Hi,
I'm new to this forum, from Germany and thinking about building an electric bike. I study electrical engineering and am an electronics hobbyist, so I would find it pretty interesting to build the controller and BMS myself.
The bike should have about 2 kW of power; and first I started looking around for a suitable battery. It should have about 1000 Wh of capacity and shouldn't be too expensive. I would prefer LiFePO4 over LiIon or LiPo since they tend to live longer and are safer.
One of the first batteries I found are the 40Ah LiFePO4 blocks; they are available vrom various manufacturers. Sometimes one can get such a block for about €50; a pack of eight in series has 1024Wh (25,6V/40Ah). These batteries are rated at 120 amps discharge current; this would be more than enough for a 2 kW bike.
The only real downside is that the batteries are heavy; a 8S1P pack would weigh a good 10 kg.
So I came up with the idea of using a step up converter which converts the 25V from the batteries to 25 to 100 volts for the controller. A viable design would be a boost converter with a synchronous rectifier; I have simulated one in LTSpice:
Once I already made such a converter, but this is only a small one with 20 watts of output power and it is about 92 percent efficient.
To increase power, I would use three converters in parallel. The switching points of the MOSFETs will be apart by a third of a period; this will vastly decrease input and output current ripple compared to one single large boost converter:
There are some ATmel microcontrollers (for example ATTiny261) which would be very suitable to control the six FETs.
The output load is modelled by a resistor. In the simulation the 3 phase converter delivers 2181W and draws 2263W from the battery; this would mean a 96.3% efficiency in the worst case scenario of 100V output voltage. So the general statement "Don't use a boost converter, it is inefficient" doesn't seem to be true. The part costs should be about €25 for the power parts (FETs and inductors) plus maybe €15 for the controlling parts. I would build it on an aluminium core PCB and mount it in a heat-sinking case, together with the controller.
At low speeds, the converter can be bypassed by continouosly turning the high side MOSFETs on and leaving the lowside FETs off.

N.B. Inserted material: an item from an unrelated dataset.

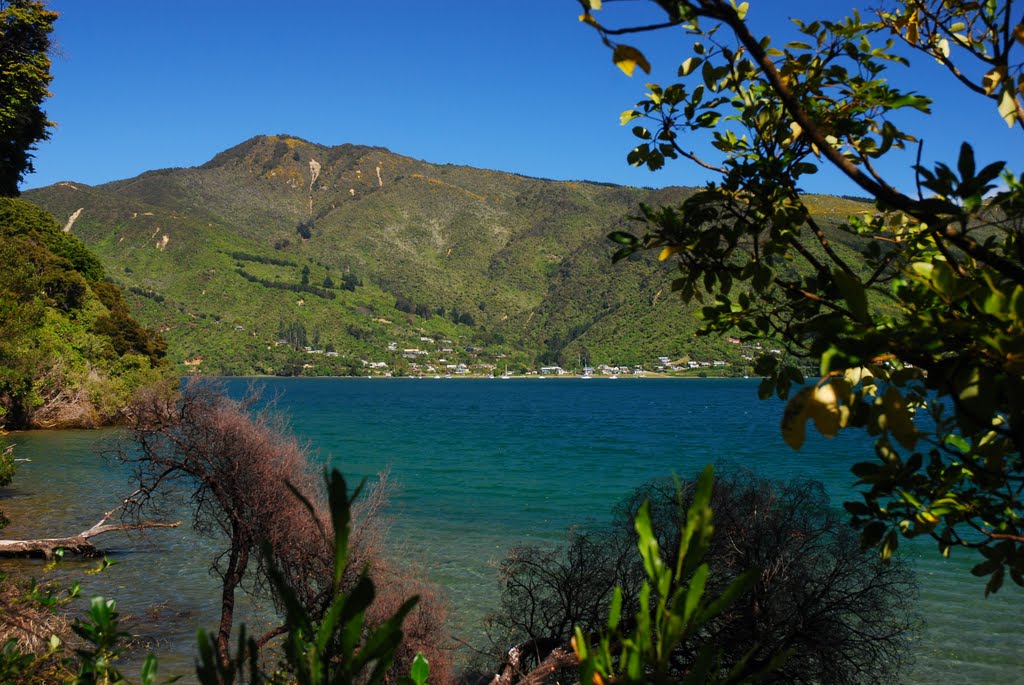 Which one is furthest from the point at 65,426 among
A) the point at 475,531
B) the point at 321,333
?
the point at 321,333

Then the converter would have an internal resistance of about 6.5 mOhm, which would still mean 0.65V drop at 100A. I don't really like this point
. Of course one could add some low Rds MOSFETs to bypass the converter entirely, lowering the resistance further.
Another advantage of the boost converter is that it can be used as a step down converter for regerative braking. The controller bus voltage may rise up to 100 volts, and the converter could still charge the battery with a variable current.
It would even be possible to use the converter for charging the battery, one would just need to connect a 30V to 100V power supply in parallel to the motor controller.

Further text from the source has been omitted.